=== EXERCISE ===
Locate the line that contains "Redmi Note 13 Pro - Foto 4". Retype it and every line after it to the end of the records, exactly, but not the pictures.

Items listed in a dataset
________________________
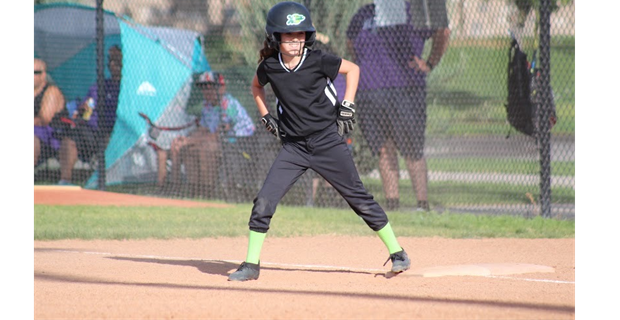 West Valley Fastpitch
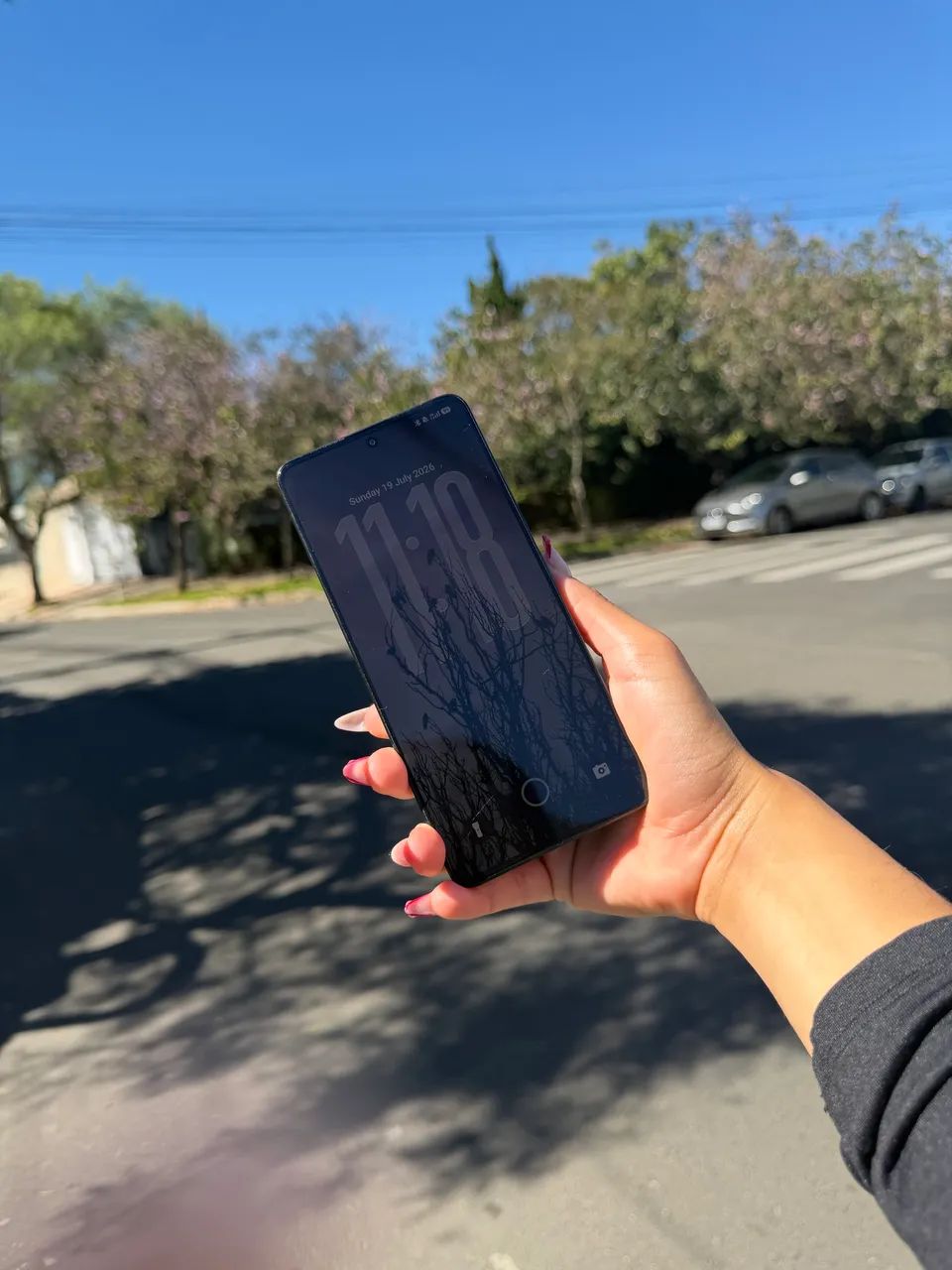 Redmi Note 13 Pro - Foto 4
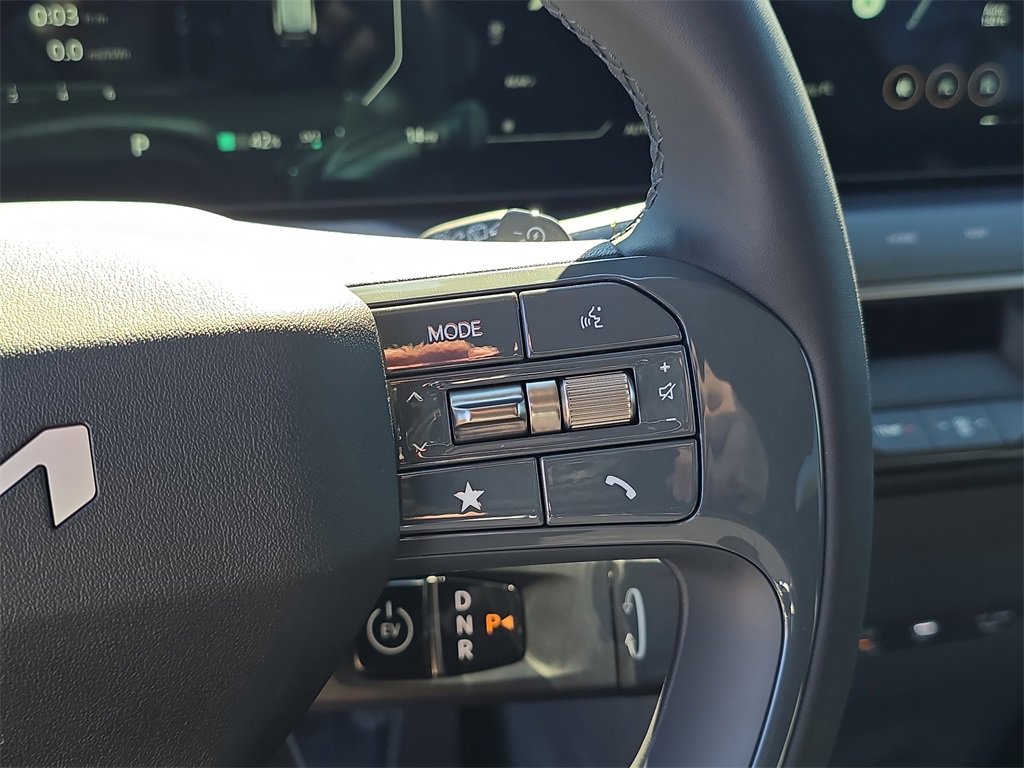 New 2026 Kia EV9 Light image 34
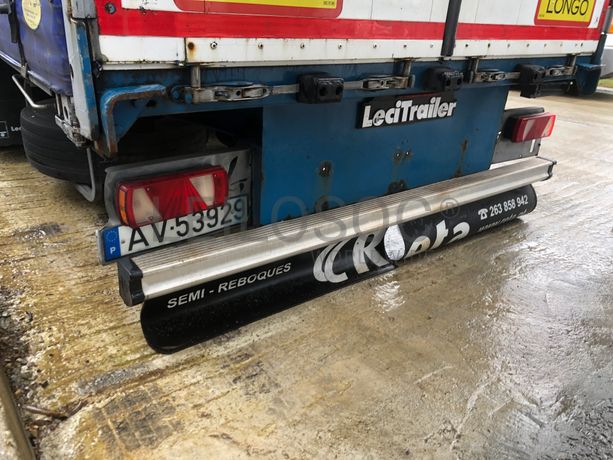 Lecitrailer 3E20 · Ano 2016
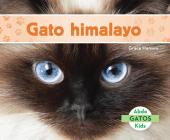 Gato Himalayo (Himalayan Cats) (Spanish Version) (Gatos (Cats Set 2)) Cover Image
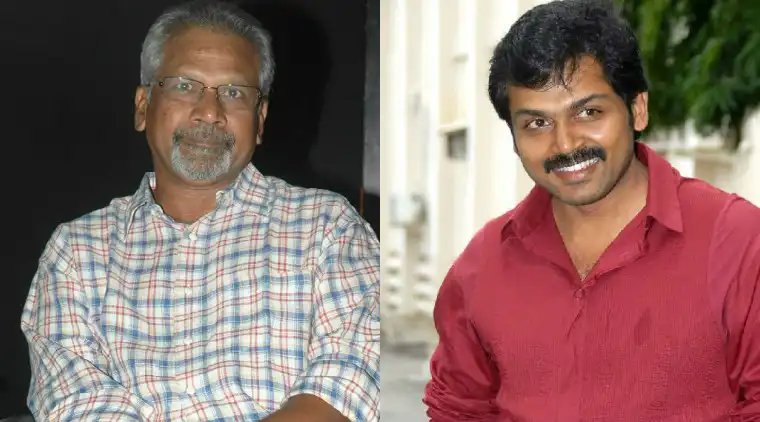 Mani Ratnam’s Next Won’t Be A Multi-Starrer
________________________
=== EXERCISE ANSWER ===
 Redmi Note 13 Pro - Foto 4
 New 2026 Kia EV9 Light image 34
 Lecitrailer 3E20 · Ano 2016
 Gato Himalayo (Himalayan Cats) (Spanish Version) (Gatos (Cats Set 2)) Cover Image
 Mani Ratnam’s Next Won’t Be A Multi-Starrer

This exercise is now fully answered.